As the night wore on, there were suddenly concerns at late arriving advance votes in some states, including Shan, Kachin and Kayin, which were overwhelmingly in favour of the military-backed Union Solidarity and Development Party. In Myitkyina almost all 15,698 advance votes were for a USDP candidate and were even one ballot paper more than names on the list.

Anxiety was also fuelled by a decision in Shan State capital Taunggyi, apparently on the orders of the Union Election Commission, to send results directly to the UEC in Nay Pyi Taw, bypassing the authorities at district and state levels.

Still, NLD spokesman U Win Htein was in confident mood in Yangon.

Speaking to The Myanmar Times, he said their unofficial results pointed to wins in almost all constituencies of Mandalay Region, and 70 percent of constituencies in Yangon, Magwe and Ayeyarwady.

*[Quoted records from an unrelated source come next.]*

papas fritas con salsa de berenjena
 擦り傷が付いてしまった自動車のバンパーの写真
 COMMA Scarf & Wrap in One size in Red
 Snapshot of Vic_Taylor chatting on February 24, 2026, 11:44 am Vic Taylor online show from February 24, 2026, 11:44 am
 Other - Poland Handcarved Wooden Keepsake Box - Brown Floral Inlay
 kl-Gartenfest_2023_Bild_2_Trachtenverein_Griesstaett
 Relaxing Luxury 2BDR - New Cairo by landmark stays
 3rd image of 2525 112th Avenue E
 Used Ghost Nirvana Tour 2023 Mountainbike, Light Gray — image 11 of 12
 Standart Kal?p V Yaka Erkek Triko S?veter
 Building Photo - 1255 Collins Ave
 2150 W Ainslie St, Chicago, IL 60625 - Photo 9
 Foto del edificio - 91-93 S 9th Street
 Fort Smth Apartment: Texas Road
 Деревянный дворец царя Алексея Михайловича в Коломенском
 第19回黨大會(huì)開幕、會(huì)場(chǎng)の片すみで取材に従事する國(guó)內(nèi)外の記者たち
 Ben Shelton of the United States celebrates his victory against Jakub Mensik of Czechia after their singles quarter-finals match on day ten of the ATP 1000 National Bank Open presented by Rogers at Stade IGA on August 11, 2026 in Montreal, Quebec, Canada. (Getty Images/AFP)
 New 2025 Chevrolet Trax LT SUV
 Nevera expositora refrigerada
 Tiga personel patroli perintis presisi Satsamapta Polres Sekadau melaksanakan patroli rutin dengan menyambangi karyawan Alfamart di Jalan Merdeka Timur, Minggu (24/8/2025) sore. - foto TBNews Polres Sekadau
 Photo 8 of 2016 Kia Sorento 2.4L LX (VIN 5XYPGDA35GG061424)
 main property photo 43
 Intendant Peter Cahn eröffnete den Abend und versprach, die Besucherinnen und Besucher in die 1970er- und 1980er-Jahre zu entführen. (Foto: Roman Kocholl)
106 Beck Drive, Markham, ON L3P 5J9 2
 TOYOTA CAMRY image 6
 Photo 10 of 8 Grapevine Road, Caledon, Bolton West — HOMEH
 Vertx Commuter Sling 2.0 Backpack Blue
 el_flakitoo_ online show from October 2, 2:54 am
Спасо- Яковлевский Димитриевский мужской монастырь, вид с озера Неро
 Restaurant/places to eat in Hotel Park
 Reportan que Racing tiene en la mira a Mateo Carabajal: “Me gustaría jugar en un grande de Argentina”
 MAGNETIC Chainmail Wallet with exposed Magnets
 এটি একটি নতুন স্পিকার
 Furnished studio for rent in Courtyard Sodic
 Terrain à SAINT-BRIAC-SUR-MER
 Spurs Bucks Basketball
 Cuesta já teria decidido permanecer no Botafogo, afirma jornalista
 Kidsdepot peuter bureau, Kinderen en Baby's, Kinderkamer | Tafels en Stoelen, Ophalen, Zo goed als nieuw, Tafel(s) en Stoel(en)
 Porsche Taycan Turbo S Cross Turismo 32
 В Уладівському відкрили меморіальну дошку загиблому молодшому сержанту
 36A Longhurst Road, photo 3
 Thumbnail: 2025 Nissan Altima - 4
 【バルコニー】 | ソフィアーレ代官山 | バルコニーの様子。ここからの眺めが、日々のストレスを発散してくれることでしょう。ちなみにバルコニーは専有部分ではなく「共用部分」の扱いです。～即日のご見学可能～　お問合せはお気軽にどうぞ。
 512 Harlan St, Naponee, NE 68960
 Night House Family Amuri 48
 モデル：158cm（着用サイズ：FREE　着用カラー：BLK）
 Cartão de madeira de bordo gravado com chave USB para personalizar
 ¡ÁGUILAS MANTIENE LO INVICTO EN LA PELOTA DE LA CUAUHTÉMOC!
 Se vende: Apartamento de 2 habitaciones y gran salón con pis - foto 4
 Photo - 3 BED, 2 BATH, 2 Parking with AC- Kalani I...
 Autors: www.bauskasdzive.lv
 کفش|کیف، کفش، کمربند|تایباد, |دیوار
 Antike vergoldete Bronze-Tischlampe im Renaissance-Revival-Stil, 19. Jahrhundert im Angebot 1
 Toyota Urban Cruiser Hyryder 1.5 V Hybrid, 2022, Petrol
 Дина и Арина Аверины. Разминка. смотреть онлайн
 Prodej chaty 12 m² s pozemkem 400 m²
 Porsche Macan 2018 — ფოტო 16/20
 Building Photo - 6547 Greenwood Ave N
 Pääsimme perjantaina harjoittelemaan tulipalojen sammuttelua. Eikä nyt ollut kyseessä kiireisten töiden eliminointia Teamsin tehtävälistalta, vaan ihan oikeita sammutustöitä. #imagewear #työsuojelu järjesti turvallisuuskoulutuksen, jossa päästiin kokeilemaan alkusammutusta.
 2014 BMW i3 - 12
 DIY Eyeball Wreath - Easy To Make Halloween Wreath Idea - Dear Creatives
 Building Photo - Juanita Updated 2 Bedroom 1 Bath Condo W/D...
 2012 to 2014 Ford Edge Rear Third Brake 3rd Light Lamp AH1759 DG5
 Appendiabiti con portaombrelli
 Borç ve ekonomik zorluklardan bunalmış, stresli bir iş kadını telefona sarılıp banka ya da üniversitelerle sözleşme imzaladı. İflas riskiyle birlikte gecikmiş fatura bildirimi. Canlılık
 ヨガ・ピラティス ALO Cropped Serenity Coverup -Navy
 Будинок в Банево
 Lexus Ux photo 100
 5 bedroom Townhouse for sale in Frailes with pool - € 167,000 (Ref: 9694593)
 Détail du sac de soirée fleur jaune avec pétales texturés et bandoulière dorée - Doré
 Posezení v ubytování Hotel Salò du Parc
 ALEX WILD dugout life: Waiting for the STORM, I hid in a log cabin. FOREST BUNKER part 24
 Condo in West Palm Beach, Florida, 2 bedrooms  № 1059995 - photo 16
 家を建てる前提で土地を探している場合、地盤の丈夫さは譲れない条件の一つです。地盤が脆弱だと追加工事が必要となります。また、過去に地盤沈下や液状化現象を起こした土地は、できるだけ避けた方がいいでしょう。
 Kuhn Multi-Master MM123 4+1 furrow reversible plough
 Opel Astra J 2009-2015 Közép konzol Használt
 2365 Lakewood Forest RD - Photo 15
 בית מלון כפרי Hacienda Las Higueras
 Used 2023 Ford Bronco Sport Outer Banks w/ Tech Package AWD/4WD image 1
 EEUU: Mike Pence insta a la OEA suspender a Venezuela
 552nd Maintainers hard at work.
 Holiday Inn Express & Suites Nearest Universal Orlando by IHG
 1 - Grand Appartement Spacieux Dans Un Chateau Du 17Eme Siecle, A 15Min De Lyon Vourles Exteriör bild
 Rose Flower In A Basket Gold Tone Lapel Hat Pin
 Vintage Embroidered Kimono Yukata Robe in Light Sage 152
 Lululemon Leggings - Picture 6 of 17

Judging from first returns, the NLD was heading not just to solid wins in the Bamar-dominated heartlands of Myanmar but also in some urban centres in minority-populated states, such as Taunggyi and Lashio in Shan State.

Even in the capital Nay Pyi Taw, where several of its eight townships had been thought “safe” for recently retired generals and incumbent ministers, some NLD candidates were looking at an upset, according to first and incomplete returns.

Attention was soon turning to the military and whether it would accept an NLD victory, unlike in 1990 when Myanmar last held reasonably open elections, and the Tatmadaw rejected the NLD landslide and put its leader under house arrest for much of the next two decades.

Asked by reporters if he would accept the results if the NLD won, Senior General Min Aung Hlaing, the Tatmadaw commander-in-chief, replied that there was "no reason to deny [an NLD victory]. We must accept the people's choice.”

The military would not interfere with the vote, nor take control of the country if the vote did not go as it wishes, he reiterated after casting his own ballot in Nay Pyi Taw. President U Thein Sein, chair of the ruling Union Solidarity and Development Party, made similar remarks.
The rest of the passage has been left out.